As you can tell, I'm pretty jaded about this particular species of first novel, and it must be admitted that Tony D'Souza's "Whiteman" would seem to fit the formula uncomfortably well. Yet somehow, this novel beats the odds: It manages to be quirky, seductive and funny, but most of all it has captured a shard of the host country in a way that NGO novels rarely do. The Ivory Coast village that young Jack Diaz lives in for a couple of years feels more real than Jack himself -- which may sound like an artistic weakness, but it's not. Africa, or rather this small corner of Africa, gets so thoroughly under Jack's skin that he forgets to make this the story of how he was tested and learned the true nature of love, loss, want and independence, all those tedious lessons that would make the novel a routine coming-of-age saga about an earnest young man. Instead, "Whiteman" is really the story of an addict, a guy who gets hooked on a village, and of how he's finally forced to kick the habit.
Jack -- renamed Adama by the Africans -- arrives in the Muslim village of Tigiso under the auspices of an outfit called the Potable Water Institute. The moment he arrives, he immediately proceeds to do absolutely nothing to improve the village's supply of potable water. He continues this policy of nonaction on the water front until the day he leaves, though he does manage to train his closest friend in town, a young man named Mamadou, how to do AIDS prevention education. At first Mamadou is horrified by the wooden penis enclosed in the education kit as a demonstration aid for condom application, and he begs not to be forced to deal with it. Soon, though, Mamadou becomes an expert teacher and when he urges his friend to press on to a remote village, he explains, "Ah, Adama, it's the penis. The wooden penis. Once, I feared it. Now it calls to me in my dreams and tells me to carry it everywhere."
Adama takes this talking penis entirely in stride. By the end of the novel, he'll be hiring a witch doctor to prosecute a feud with an old woman and, when the woman cuts her foot while chopping wood and later dies of an infection, he will consider himself to have killed her. It's not that Adama ever believes he can become one of the villagers -- even if he thought he could, they keep reminding him otherwise -- but he is given a place among them. The witch doctor teaches him how to hunt wild chickens, and he earns a reputation for his prowess in this department. He plows and sows his own little plot of land in the forest with the other men. And, most of all, Adama gets embroiled in the neighborhood soap opera that unfolds raucously around him.

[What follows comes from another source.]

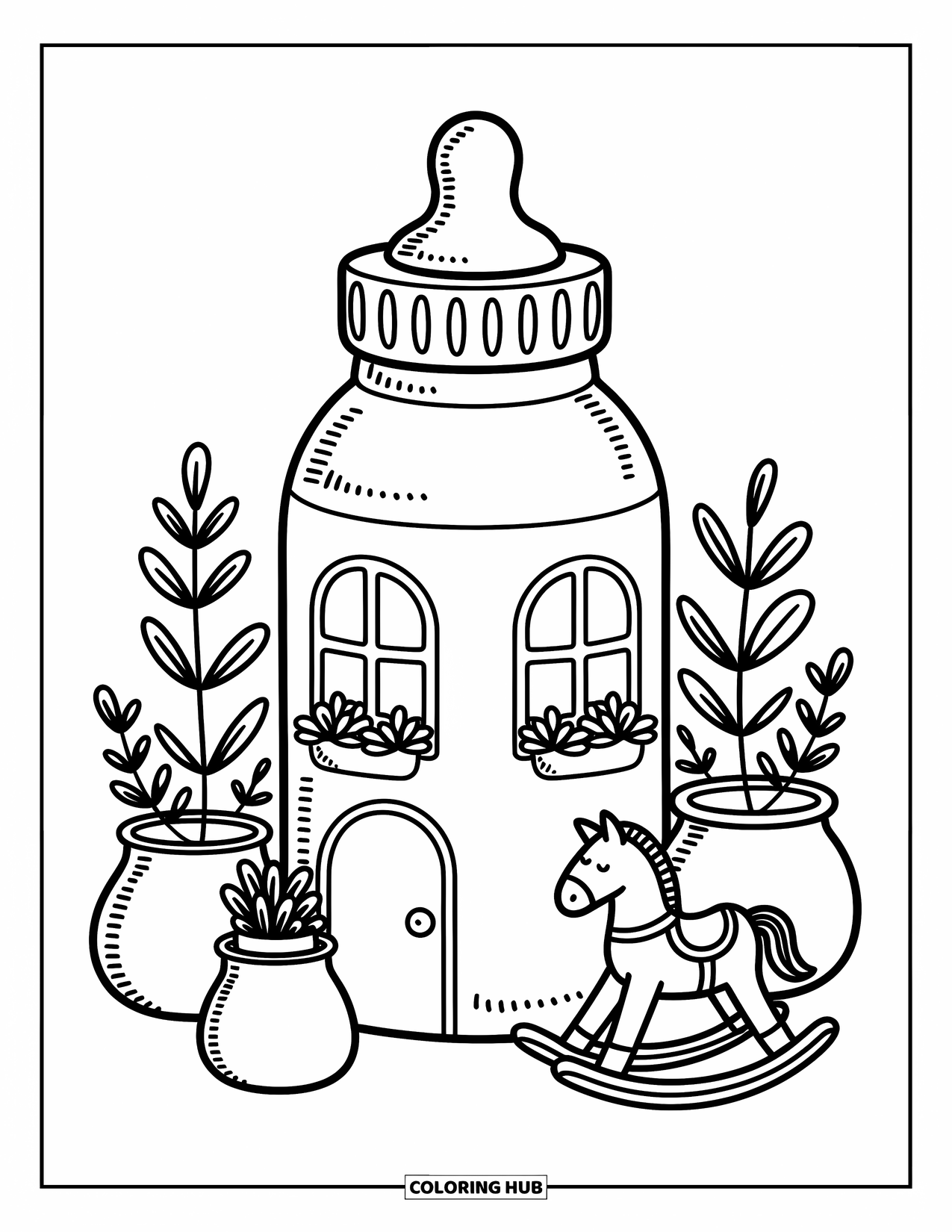 Baby Shower Coloring Page for Adults: A cozy bottle-shaped house is surrounded by tiny plants and a cheerful rocking horse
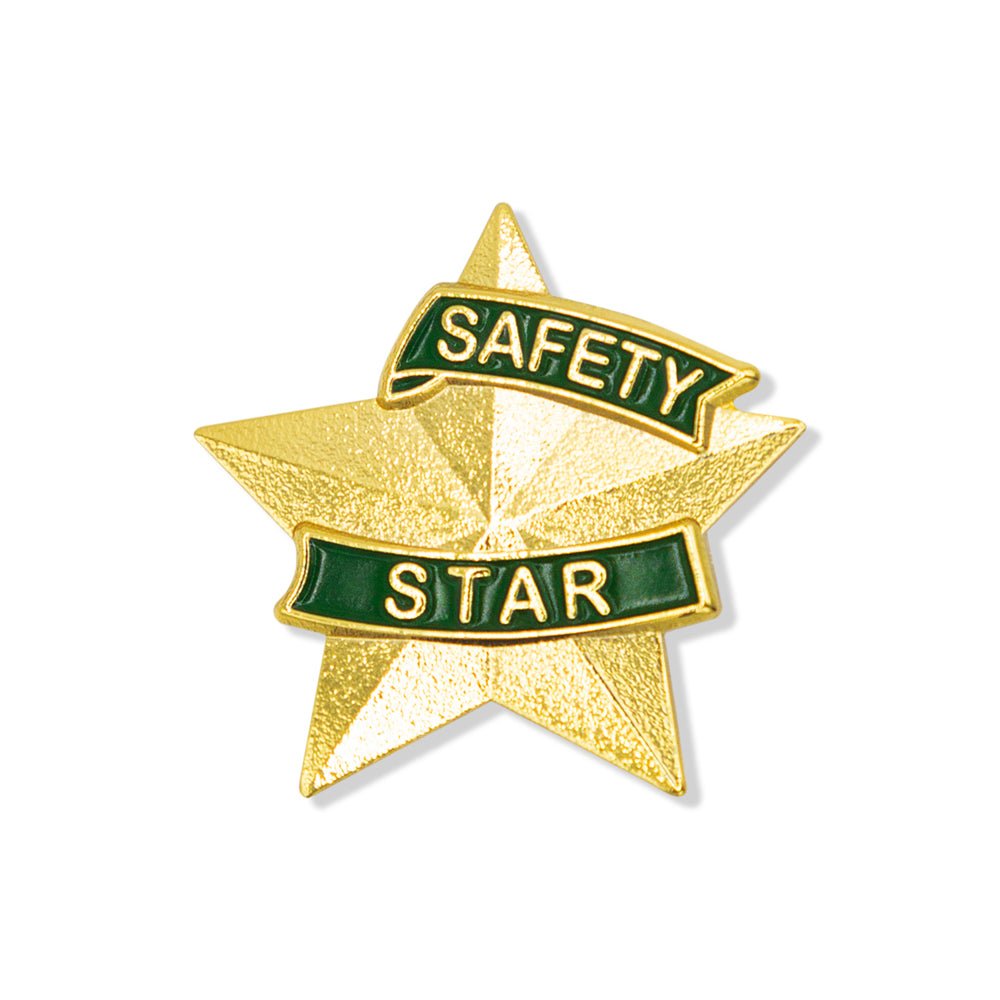 1-3/16 Inch 3D Safety Star Lapel Pin-Brooches & Lapel Pins-Lapel Pin Corner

Adama's love life, it must be said, is much like that of the average American male in his 20s: flailing, contradictory and unconsidered. He is teased mercilessly by the local flirt, launches a formal courtship of a regal herdsman's daughter (only to chicken out after he wins her hand) and falls in love with two women -- one married, the other a prostitute -- neither of whom is foolish enough to take him too seriously. When a fellow aid worker, a young woman, comes to visit him, the village rejoices that at last Adama has been reunited with his "white wife," and the two Americans decide to pretend it's true, if only temporarily.
Mostly, though, what Adama does is soak up the rhythms and the culture of the place. Whether or not D'Souza has shared some of Adama's experiences, the author has acquired the arts of a master storyteller, and each little tale nestled in this novel has an intoxicating, fireside charm. Some of the tales are sad, or spooky or bawdy, but all of them seamlessly combine the ancient allure of folklore with a modern, Western literary elegance. In a way, they're like Adama, a hybrid in spite of himself, too African now to fit in back home, but still a "whiteman" and destined to leave. Existing in this in-between state is torture for Adama, but the novel Tony D'Souza has written about him handles it with incomparable grace.